#### Task prompt:
Line by line, the data below should be set down unchanged, with images excluded.

┌─ Available data

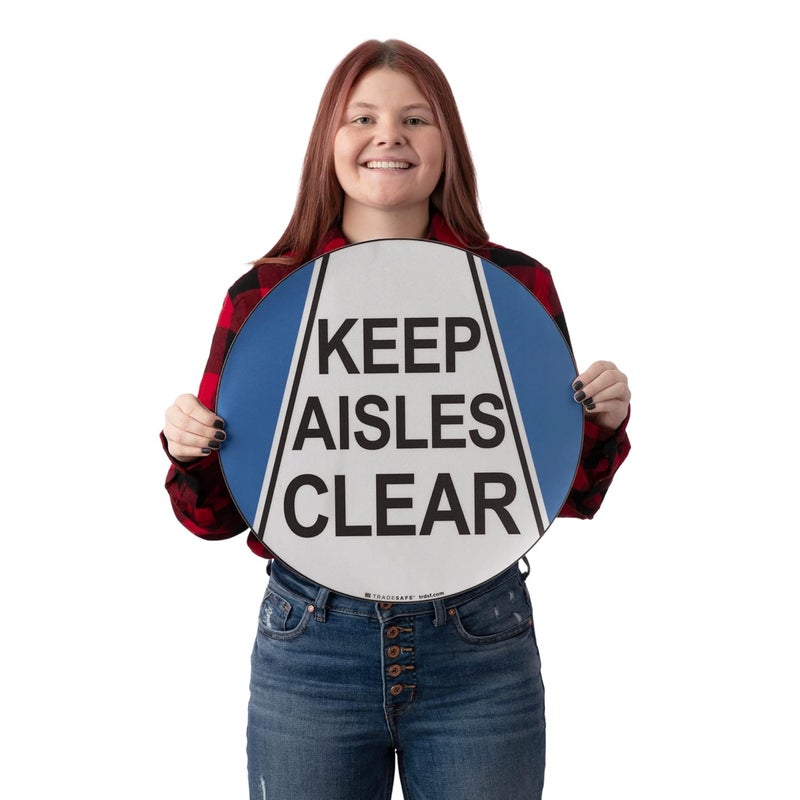 TRADESAFE Keep Aisles Clear Anti-Slip Floor Sticker - Keep Clear Floor Sign, Peel and Stick Adhesive Vinyl Sign, ANSI-Compliant, 17” Diameter Round Sticker - Image 2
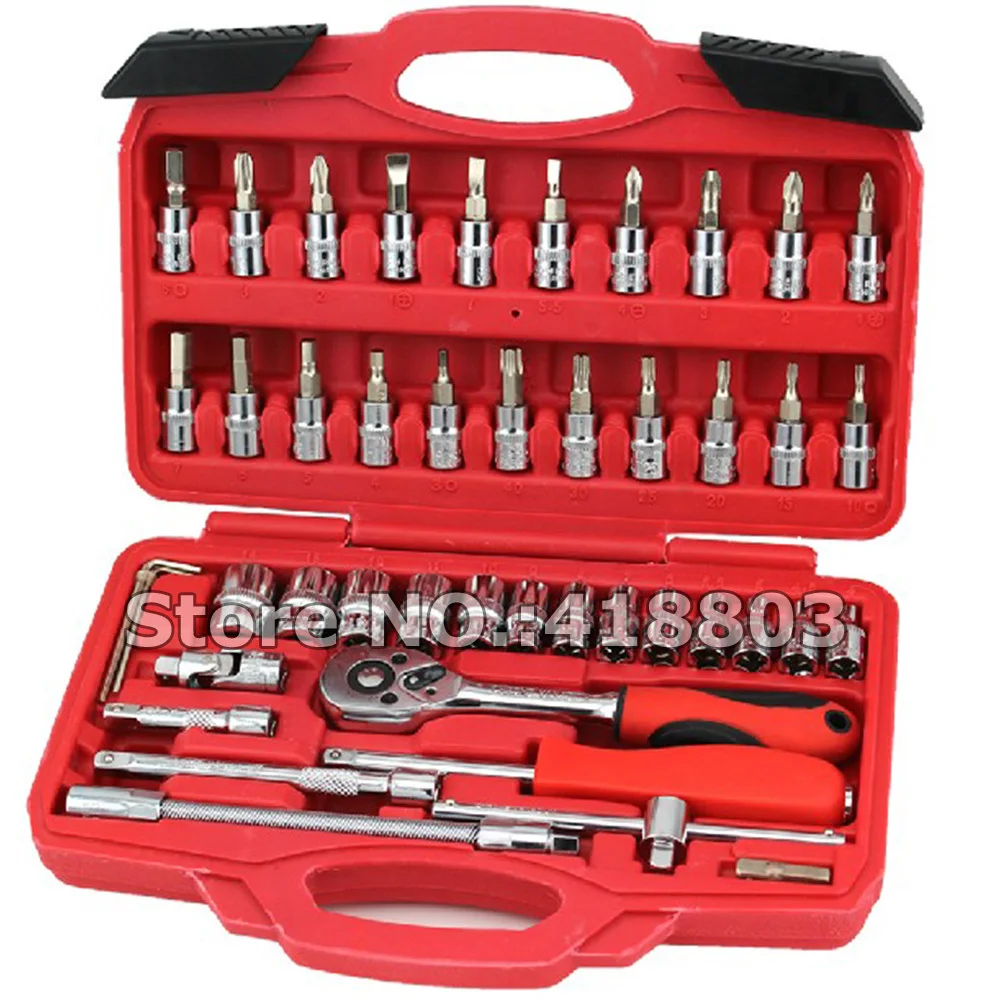 46 Pcs Tool Box 1/4 DR Motorcy - Hand Tools ulasan dan harga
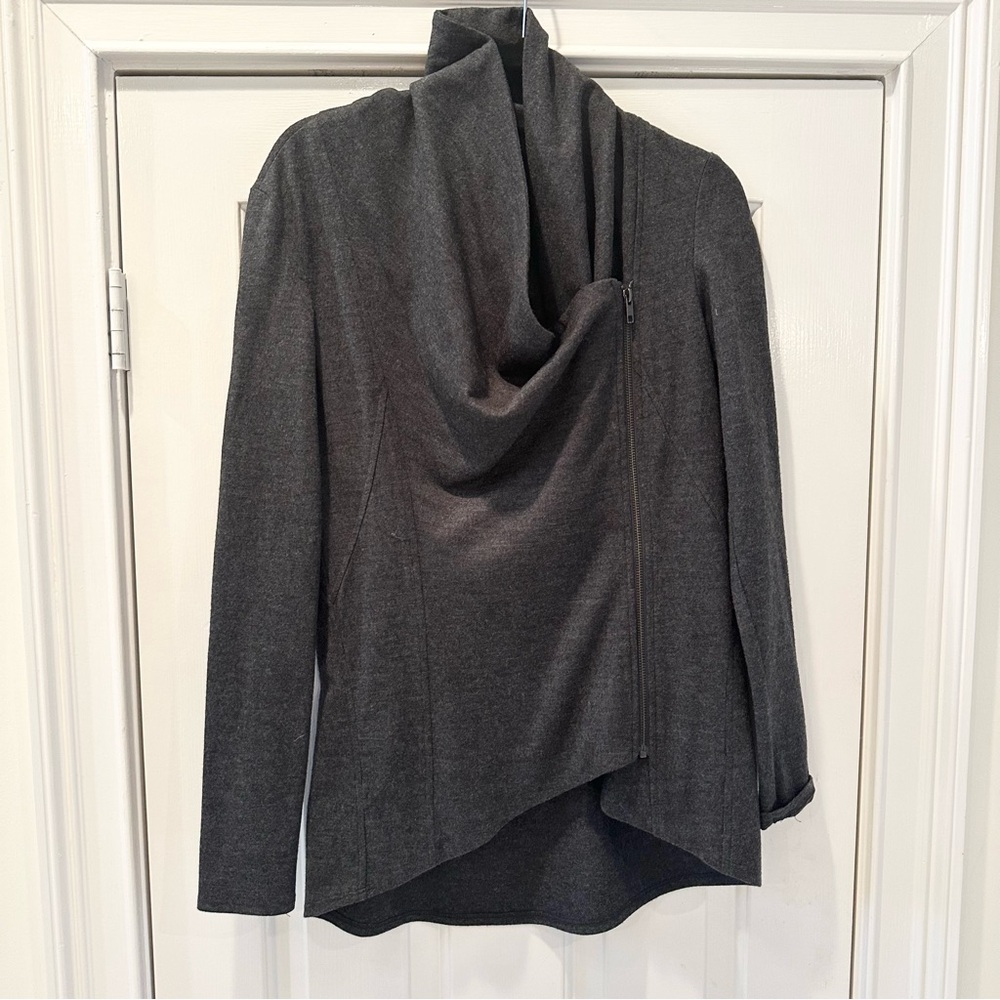 Helmut Lang Wool Dark Grey Cowl Neck Asymmetrical Jacket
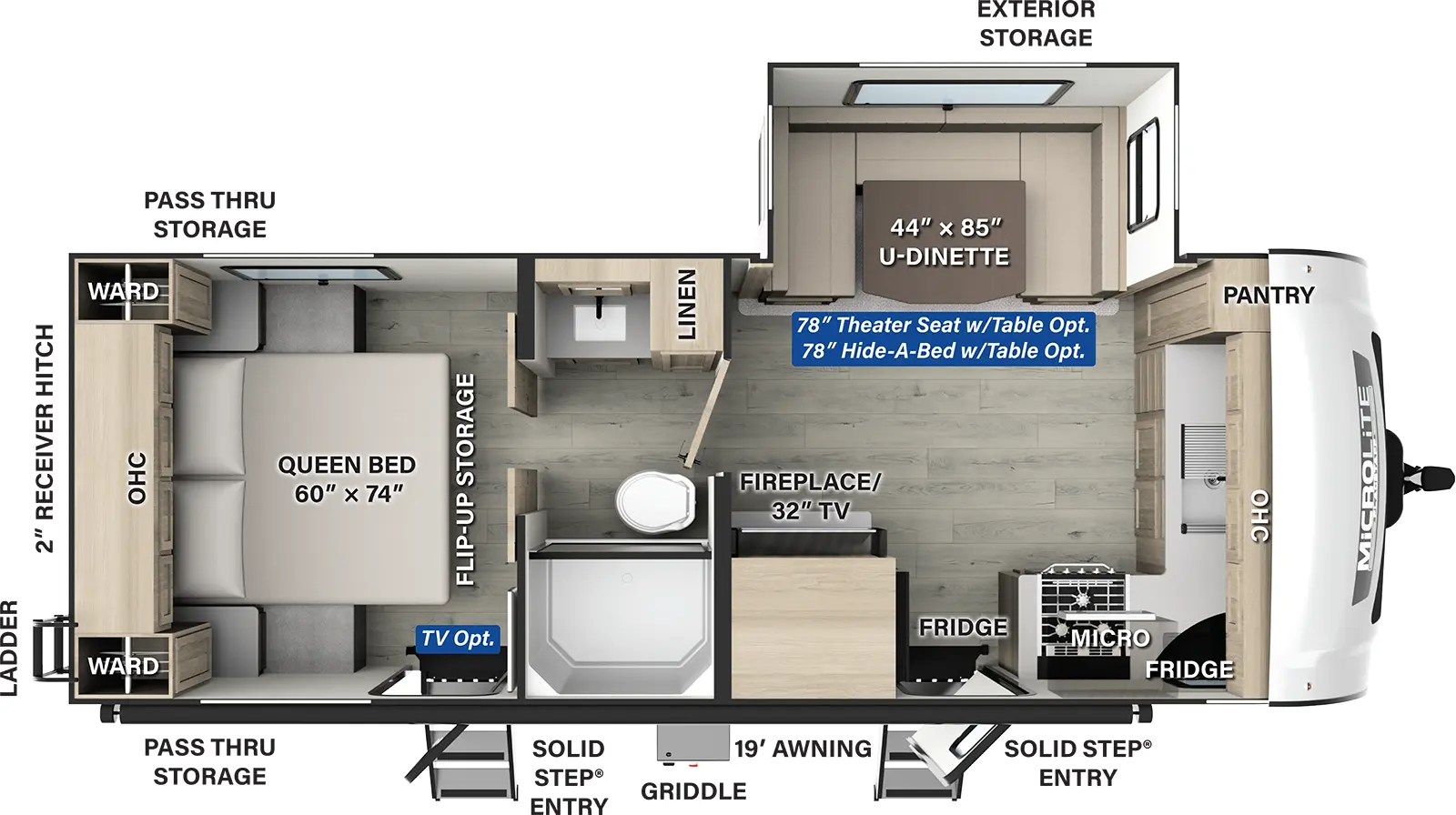 The Flagstaff Micro Lite 25FKB has two entries and one slide out. Exterior features include: fiberglass exterior and 19' awning. Interiors features include: front kitchen, u-dinette, rear bedroom and pass through bathroom.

└─

#### Expected answer:
 TRADESAFE Keep Aisles Clear Anti-Slip Floor Sticker - Keep Clear Floor Sign, Peel and Stick Adhesive Vinyl Sign, ANSI-Compliant, 17” Diameter Round Sticker - Image 2
 46 Pcs Tool Box 1/4 DR Motorcy - Hand Tools ulasan dan harga
 Helmut Lang Wool Dark Grey Cowl Neck Asymmetrical Jacket
 The Flagstaff Micro Lite 25FKB has two entries and one slide out. Exterior features include: fiberglass exterior and 19' awning. Interiors features include: front kitchen, u-dinette, rear bedroom and pass through bathroom.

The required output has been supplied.